I’m trying to get to the bottom of this, this seasonal adjustment business. Stick with me on this, folks. From the Bureau of Labor Statistics: “What is seasonal adjustment? Seasonal adjustment is a statistical technique that attempts to measure and remove the influences of predictable seasonal patterns to reveal how employment and unemployment change from month to month. Over the course of a year, the size of the labor force, the levels of employment and unemployment, and other measures of labor market activity undergo fluctuations due to seasonal events including changes in weather, harvests, major holidays, and school schedules. Because these seasonal events follow a more or less regular pattern each year, their influence on statistical trends can be eliminated by seasonally adjusting the statistics from month to month.”
So seasonal adjustment includes adjustment for the size of the labor force. I didn’t know that. Seasonal adjustment is not just what the guess is about the number of jobs from month to month. It also includes adjustment for the size of the labor force. And that’s how they’re able to play games with the labor force participation rate. So that might account for a big chunk of the difference here. One-point-two million — and this is their number — from December to January, 1.2 million people left the workforce, just left it. That’s the labor force participation rate, and they left. That’s half the number, or half the difference right there. If you take the number 132.9 jobs in December, 130.4 million in January, that’s 2.5 million fewer jobs, 1.2 million, about half of that that they just threw out in a seasonal adjustment of people that left the workforce.

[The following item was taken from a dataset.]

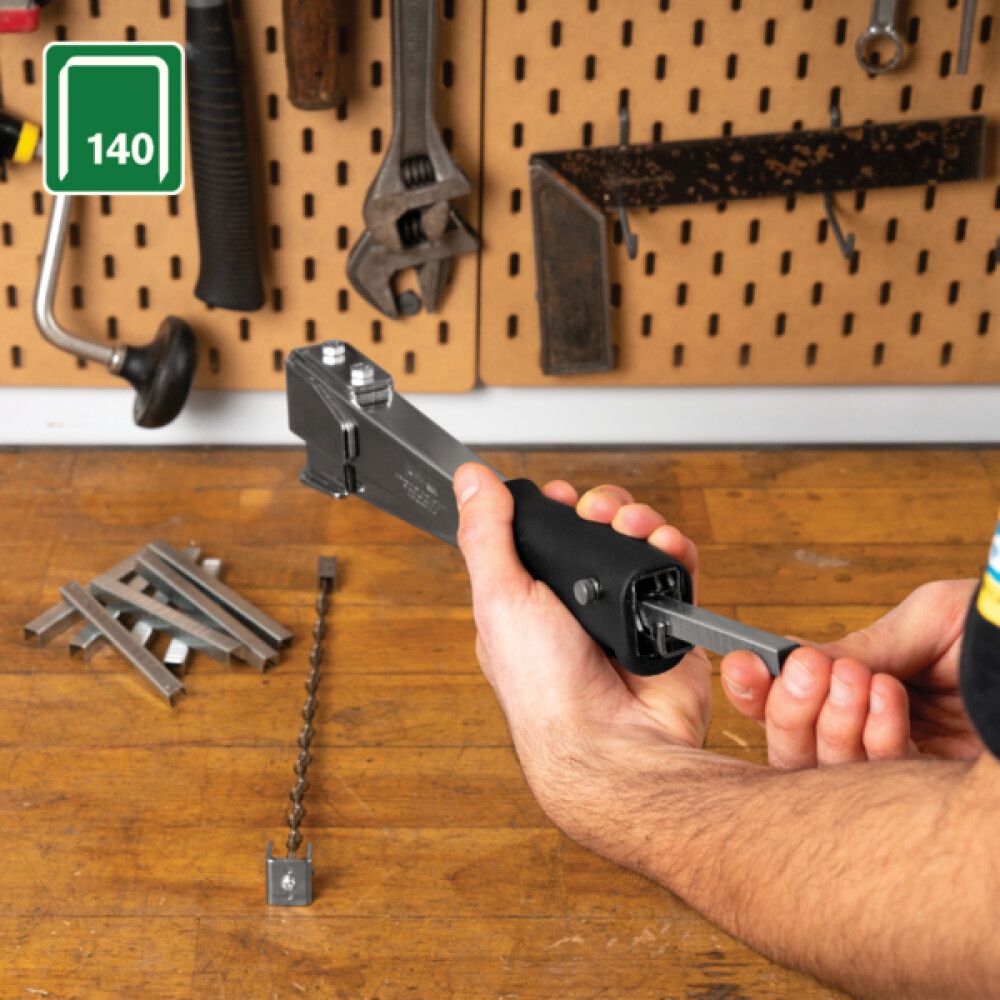 Heftihamar R11E Rapid Pro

I don’t know how they get the 1.2 million. They say it’s statistical. But what they did is reduce the overall number of jobs possible by 1.2 million. So fewer jobs is gonna bring down the unemployment rate because… If the labor force were what it is, or what it was when Obama was inaugurated 2009, the unemployment rate would be close to 10%. It’s only 8.3 because they have used seasonal adjustment to just say that last month, 1.2 million people gone from the workforce. No jobs anymore.
So the Bureau of Labor Statistics looks at the loss of 2.5 million jobs, and they say, “Well, we think 1.2 million have just decided to give up looking for work so we won’t count half of them, just to make things more accurate.” And even with that major cheat, that still leaves more than a million-and-a-half lost jobs unaccounted for. Fewer people looking for jobs brings down the jobless rate. In this case, not more people finding jobs brings down the jobless rate. Fewer people looking for jobs is what’s bringing the unemployment rate down. There isn’t job creation going on. Not to the tune the regime wants you to believe it. It just isn’t happening.